Due to the outsourcing situation, the aim of this project was to describe business processes in relation to the legal basis and requirements. One of the main focuses here was on certification in accordance with IDW PS951, an auditing standard published by the Institute of Public Auditors in Germany (IDW) for regulating an outsourced internal control system (ICS) to a service company. IDW PS951 Type 2, which is relevant for the audit of the annual financial statements, comprises an audit of (i) the adequacy of the internal control system presented, (ii) the implementation of the required controls, and (iii) their effectiveness for a defined period of time.
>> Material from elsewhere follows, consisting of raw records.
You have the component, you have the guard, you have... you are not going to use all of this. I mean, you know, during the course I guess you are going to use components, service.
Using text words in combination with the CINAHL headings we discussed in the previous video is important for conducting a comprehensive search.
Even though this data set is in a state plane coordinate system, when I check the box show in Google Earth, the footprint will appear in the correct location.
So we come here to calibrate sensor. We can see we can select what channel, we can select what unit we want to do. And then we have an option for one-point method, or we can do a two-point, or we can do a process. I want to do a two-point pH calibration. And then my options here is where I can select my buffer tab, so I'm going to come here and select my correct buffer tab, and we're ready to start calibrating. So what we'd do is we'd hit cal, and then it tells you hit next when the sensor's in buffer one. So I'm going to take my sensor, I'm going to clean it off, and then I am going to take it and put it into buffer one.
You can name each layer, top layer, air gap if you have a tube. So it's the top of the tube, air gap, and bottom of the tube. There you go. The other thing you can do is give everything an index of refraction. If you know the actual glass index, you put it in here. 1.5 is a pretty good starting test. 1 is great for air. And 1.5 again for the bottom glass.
To this end, (i) the adequacy of the ICS of the outsourcing activity first requires a design of a framework that provides remedies for:

  • Link to business requirements,
  • Integration of IT-related activities into a generally accepted process model,
  • identification of essential IT resources to be controlled, and
  • the definition of control objectives to be taken into account.

Our approach

Identification and analysis of requirements
Extraction of relevant rules and regulations and, based on this, derivation of relevant IT requirements and summary of all requirements in an aggregated requirements catalog
Process classification and control objectives
Assigning requirements to predefined processes, process types, process owners, and core objectives according to COBIT 2019. Requirement-specific control objectives are elaborated.
Gap analysis and process accountability
Gap analysis for established controls, reference to mapped processes and internal guidelines. Responsibilities for outsourcing-relevant requirements are located at application level.

Identification and analysis of requirements

The basis for the operation of the ICS are the relevant, generally applicable laws, regulations, standards and specifications that apply to the companies listed in the scope and the associated risks for the companies. 

As part of the IT compliance management system, IT compliance analyzes all sets of rules in the first phase with regard to the impact of the requirements or parts of the requirements they contain on the IT internal control system (IT ICS) and thus indirectly on the IT organizational structure, IT processes or IT systems (IT relevance check). For each set of rules, a decision is made as to whether it has IT relevance and is therefore pursued further within the framework of the IT CMS. The result of the analysis is summarized in the IT compliance register. Requirements are determined on the basis of the corresponding derived IT rules and regulations.

Process classification and control objectives

Requirements were then derived from the IT-relevant sets of rules and assigned to a process in the IT process landscape for implementation. The process assignment (IT process landscape) is summarized in corresponding documentation. For a downstream design of the corresponding controls, control objectives are to be worked out. This provides the basis for the definition of controls (control design) by the process owner. The principle applies that at least one IT control must be assigned to each control objective.

Gap-analysis and process accountability

The GAP analysis played a key role. The analysis was used to identify shortfalls ("finding"), i.e., outsourcing-relevant requirements for which no or ineffective controls are implemented from the customer's perspective. The corresponding assignable regulators, process owners, etc. can also be directly viewed on the basis of the design created. It should be noted that in this context the assignment of requirements to the respective COBIT Core Objectives proves to be very useful when it comes to developing new controls in the event of undercoverage of certain IT requirements.